Tension and friction may correlate or they may not, depends on controls in-place.
It's important to understand that they are different separate things.
Neck tension is the neck spring back force squeezing against an area of seated bullet bearing.
Where you increase the area gripped, or the force gripping, you increase tension (T=FA).
We currently have no tool/method for measuring the actual neck/hoop tension gripping our bullets.
For tension correlation with friction, that friction must be taken to a consistent standard(removed from variance). It's easy enough to do this; clean bullets, leave the carbon layer inside necks, provide the same interference fit for each seating. Here, variances in seating force are caused by neck resistance to expansion, forced by a seating bullet. While the measure here includes sizing (upsizing with bullets), this is still not isolating tension alone. But it's useful.
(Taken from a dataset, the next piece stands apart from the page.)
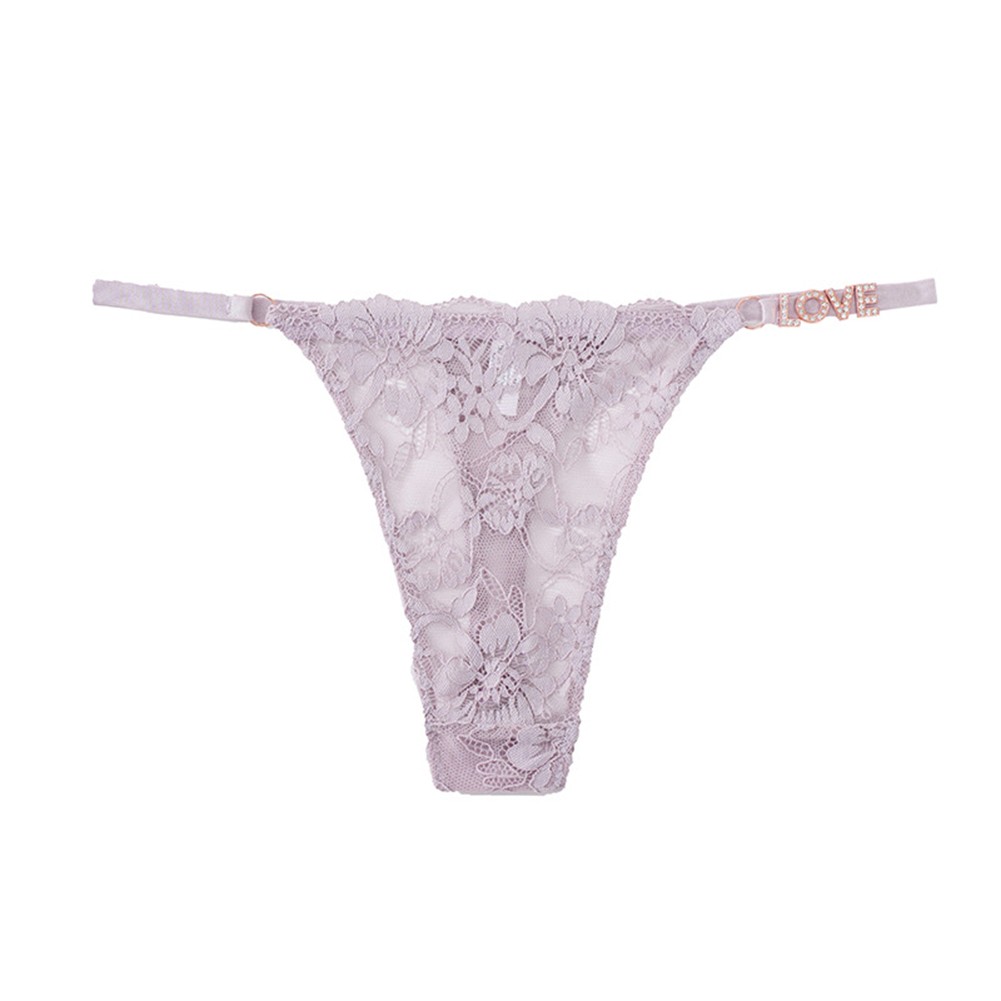 New Sexy Womens Briefs with Lace Patchwork and Rhinestones Thin Straps - Picture 8 of 10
If the interference provided is within normal neck spring back, say 1thou max, then you can correlate seating force(friction) with neck tension. This would not be linear though. Attempted conversion & graphing would get squirrely as bearing nears donut area or neck-shoulder junctions. It would get really ugly where neck sizing length goes beyond seated bearing(causing base binding). We're only led to do these things, and to use bullets for neck upsizing, out of bad planning.
It makes no sense to size necks down so much as to leave seating interference of more than 1thou.
The excess is only re-expanded by bullets, which are not designed for this.
You can measure a seated neck, pull the bullet, and see that it springs back 1thou at most from cal. That is what was holding the bullet,, not an excess interference,, regardless of the amount of excess interference.
It makes no sense to seat bullets into donuts or neck-shoulder junction, or beyond seated bullet bearing.
Any of these conditions will reduce control and increase tension variance.
To control neck tension and see it vary from round to round, downsize to provide no more than 1thou interference for seating (after outward spring back). Adjust the length of this downsizing, not to exceed seated bullet bearing. Leave the carbon layer in necks, use clean/consistent friction bullets. Carefully measure the seating forces.
With this, you'll see all matters of spring back variance, including softening/hardening and thickness variances. Set it, load develop with it, tweak it, manage it, and most important: understand it.